This final step allows us to estimate the mutual information between \(T(s, a\mid D)\) and \(\tau^*\), which is precisely the quantity we want. We give a more precise description of this below.

Given a task of regulating plasma to the goal conditions (green dot), we compute posterior samples of the optimal trajectory (paths in color). We can then estimate the point (red circle) with maximal mutual information with these optimal trajectories and query the dynamics at that point.

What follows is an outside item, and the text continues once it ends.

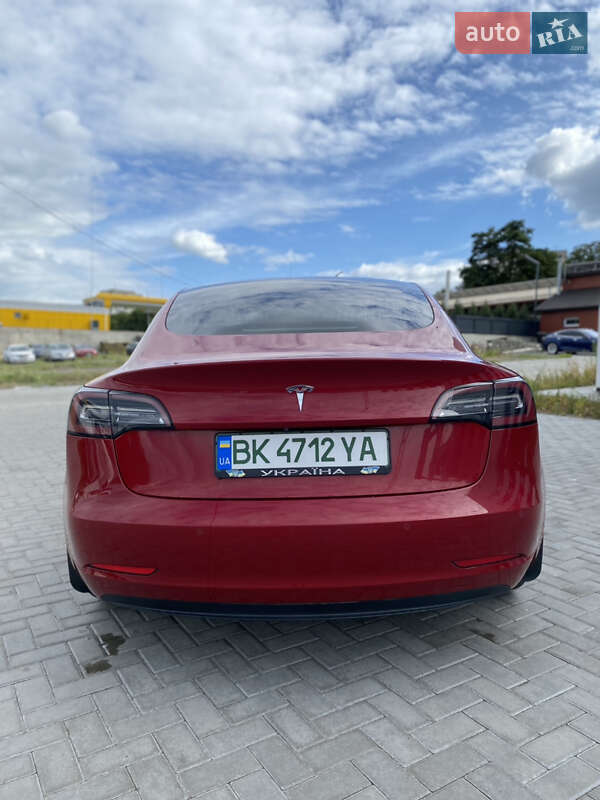 Седан Tesla Model 3 2019 в Ровно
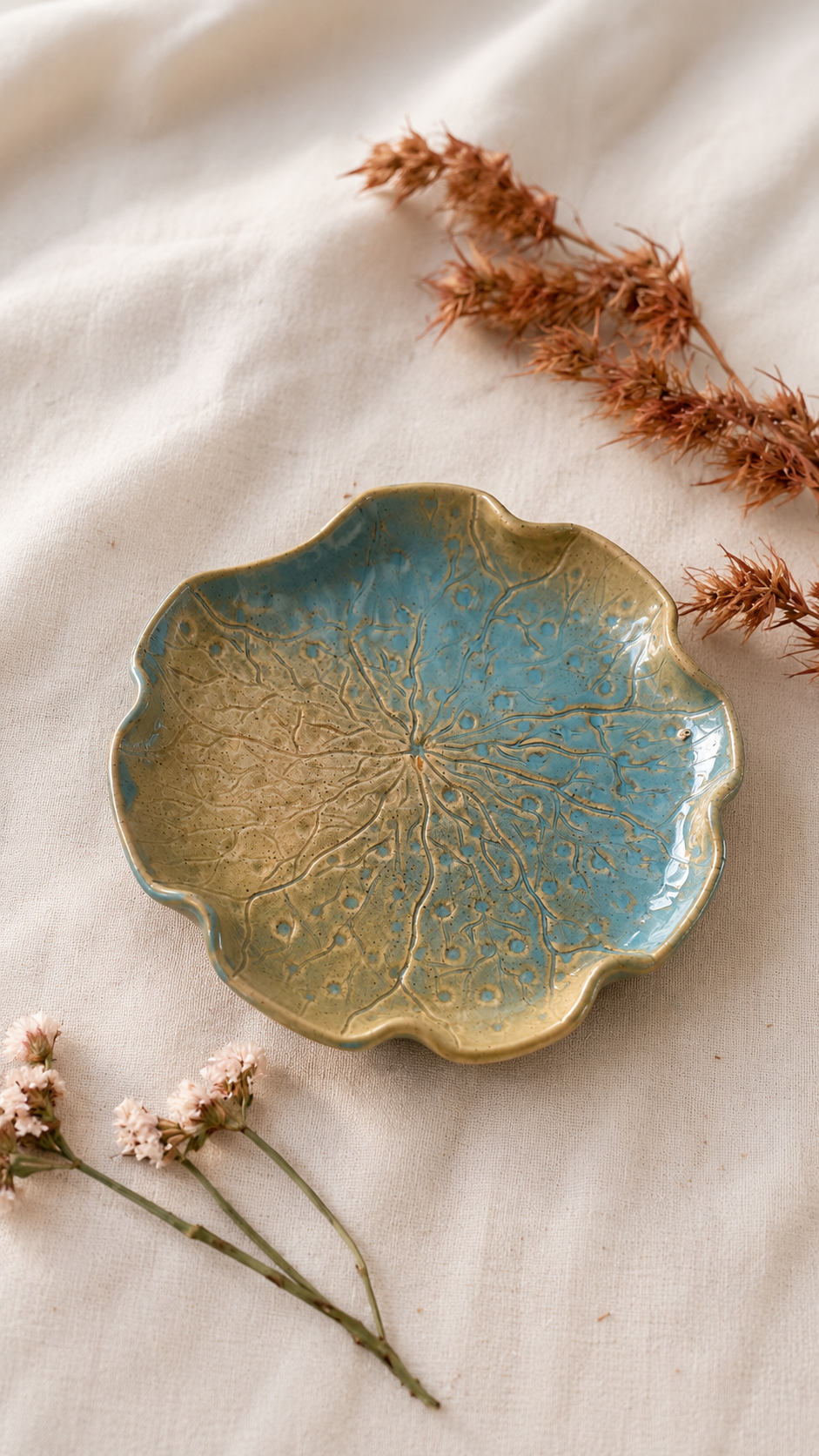 Lotus Leaf Quater Plate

Computing \(EIG_{\tau^*}\) via posterior function sampling

More formally: as \(\tau^*\) is a high-dimensional object that implicitly assumes access to an optimal decision making policy, it is not obvious that the entropies involved in computing it will be easy to estimate. However, by making two additional assumptions and leveraging properties of mutual information, we can derive a practical method for estimating \(\EIG_{\tau^*}\). In particular, we need to assume that:

  • The dynamics \(T\) are drawn from a GP prior \(P(T)\), a fairly mild assumption since GPs are universal approximators [10].
  • \(\pi_T \approx \pi^*\) for an MDP with known rewards and transition function \(T\), i.e., that a model-predictive control (MPC) policy using known dynamics will be close to optimal on those dynamics. This is not true in all settings and we investigate how crucial this assumption is to the performance of the algorithm in our experiments section.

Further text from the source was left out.